The brain was heavy (1,700 gm; reference 1,290 gm), markedly congested and edematous. Cerebellar tonsillar and early bilateral uncal herniations were noted. The dural veins and the Circle of Willis were normal. The lateral ventricles were slit-like. There was symmetrical hemorrhagic necrosis or softening of the head of caudate nucleus, the corpus callosum, the periventricular white matter, the lateral and posterior part of the thalamus and the internal capsule. Figures 2, 3 and 4 show coronal sections of cerebrum at the genu of the corpus callosum, mamillary bodies and splenium of the corpus callosum respectively. There was artifactual disruption of the right temporal lobes as shown in Figure 3 and 4. The cortical grey matter, the major part of the centrum semiovale, putamen and globus pallidus showed no gross lesions. The brainstem, cerebellum and spinal cord were pale, edematous and focally congested.
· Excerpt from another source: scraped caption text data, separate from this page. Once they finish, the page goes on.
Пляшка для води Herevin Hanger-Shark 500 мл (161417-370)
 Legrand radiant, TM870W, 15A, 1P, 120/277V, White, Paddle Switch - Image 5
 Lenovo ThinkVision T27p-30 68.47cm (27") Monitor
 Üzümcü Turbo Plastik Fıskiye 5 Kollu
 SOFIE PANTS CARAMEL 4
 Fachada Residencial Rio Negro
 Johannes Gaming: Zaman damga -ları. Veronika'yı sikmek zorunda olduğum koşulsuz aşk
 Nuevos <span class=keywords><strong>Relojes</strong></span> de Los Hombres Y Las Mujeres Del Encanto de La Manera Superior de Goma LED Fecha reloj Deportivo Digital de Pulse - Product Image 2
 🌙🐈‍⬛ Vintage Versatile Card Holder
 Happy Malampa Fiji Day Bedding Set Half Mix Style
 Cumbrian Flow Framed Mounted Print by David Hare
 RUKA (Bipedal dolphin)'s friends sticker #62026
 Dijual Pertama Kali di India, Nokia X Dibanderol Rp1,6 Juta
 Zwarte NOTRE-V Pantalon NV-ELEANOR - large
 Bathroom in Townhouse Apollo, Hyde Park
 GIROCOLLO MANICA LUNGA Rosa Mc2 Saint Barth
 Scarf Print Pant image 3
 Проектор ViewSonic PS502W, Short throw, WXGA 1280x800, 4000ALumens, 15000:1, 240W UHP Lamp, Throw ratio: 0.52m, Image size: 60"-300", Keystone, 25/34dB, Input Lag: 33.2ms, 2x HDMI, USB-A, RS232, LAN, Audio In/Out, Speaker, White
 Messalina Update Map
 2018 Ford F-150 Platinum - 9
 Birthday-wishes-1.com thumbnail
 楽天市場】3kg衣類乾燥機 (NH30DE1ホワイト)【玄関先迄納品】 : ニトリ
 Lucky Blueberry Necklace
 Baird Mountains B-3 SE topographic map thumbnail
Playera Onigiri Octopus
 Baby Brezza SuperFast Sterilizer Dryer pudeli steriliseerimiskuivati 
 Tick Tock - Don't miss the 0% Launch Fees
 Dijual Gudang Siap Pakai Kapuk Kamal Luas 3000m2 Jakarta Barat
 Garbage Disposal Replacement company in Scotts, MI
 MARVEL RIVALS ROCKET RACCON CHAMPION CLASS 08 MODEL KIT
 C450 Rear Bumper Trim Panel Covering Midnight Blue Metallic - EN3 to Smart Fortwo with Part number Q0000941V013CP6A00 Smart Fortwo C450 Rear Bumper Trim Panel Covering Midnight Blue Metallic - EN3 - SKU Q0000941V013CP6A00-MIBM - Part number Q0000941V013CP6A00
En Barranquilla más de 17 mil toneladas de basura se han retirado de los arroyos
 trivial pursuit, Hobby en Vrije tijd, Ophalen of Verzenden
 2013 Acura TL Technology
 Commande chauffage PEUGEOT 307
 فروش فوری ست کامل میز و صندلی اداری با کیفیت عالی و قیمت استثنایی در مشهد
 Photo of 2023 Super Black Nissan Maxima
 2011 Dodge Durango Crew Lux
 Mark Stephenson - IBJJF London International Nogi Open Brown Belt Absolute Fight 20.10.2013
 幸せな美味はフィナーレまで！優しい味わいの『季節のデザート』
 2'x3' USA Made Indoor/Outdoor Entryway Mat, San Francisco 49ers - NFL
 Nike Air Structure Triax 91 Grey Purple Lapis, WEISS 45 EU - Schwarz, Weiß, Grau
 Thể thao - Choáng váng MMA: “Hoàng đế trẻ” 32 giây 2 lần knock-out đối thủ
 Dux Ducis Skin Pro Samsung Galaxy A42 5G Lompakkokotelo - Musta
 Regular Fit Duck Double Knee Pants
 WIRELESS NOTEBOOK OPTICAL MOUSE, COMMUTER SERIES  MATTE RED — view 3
On microscopy, necrosis and vasculopathy were noted. The common vasculopathy was an exudative vasculopathy (EV) characterized by an expanded perivascular space with fibrinous exudate, often with a vacuolated artifact. (Figure 5: arteriole about 250 m in diameter in right thalamus.) EV involved small vessels and arterioles distributed throughout the brain including the necrotic and non-necrotic areas. The other forms of vasculopathy were necrotizing vasculopathy (NV) and fibrinous vasculitis (FVL), both restricted to the necrotic areas only. NV resembled EV except for the presence of fibrinous necrosis of the vessel wall. (Figure 6: 110 m vessel in the left head of caudate.) FVL showed additional lymphocytic and neutrophilic exudate on the vascular wall and perivascular space and karyorrhexis with or without luminal thrombosis. (Figure 7: 90 m vessel in the left head of caudate, Figure 8: 50 m vessel in the right head of caudate, Figure 9: 80 m vessel in right internal capsule.) Fibrin deposits in the vessels were confirmed by Martius-scarlet-blue stain (Figure 10: same vessel as Figure 9) and immunohistochemistry for fibrin (Figure 11: same vessel as Figure 9). No perivascular demyelination was evident (Figure 12: Luxol fast blue stain, same vessel as Figure 9). The necrotic areas showed ghost shadow of necrotic cells, pyknotic or karyorrhectic nuclear fragments and extravasated red cells in a background of paucicellular and edematous neuropil. There was neither astrocytic nor microglial proliferation. Many of the neurons in the cerebral cortex, hippocampus, cerebellum and brainstem showed ischemic shrinkage and pericellular edema. Some small vessels in the brainstem also showed thrombosis. The generalized ischemic changes of the neurons, thrombosis in the brainstem and cerebellar coning were considered pathological changes secondary to the cerebral edema. The generalized cerebral edema, vasculopathies and necrosis were considered the primary pathology. RT-PCR was done on fresh samples of the cerebrum, pons, heart, lung, skeletal muscle, spleen, intestine and kidney for influenza A and B, respiratory syncytial virus, parainfluenza 1, 2, 3 and 4, adenovirus, rhinovirus, human metapneumovirus, enterovirus, herpes simplex virus, Epstein-Barr virus, cytomegalovirus and varizella-zoster virus and the results were all negative. Viral cell cultures of these tissues were also negative.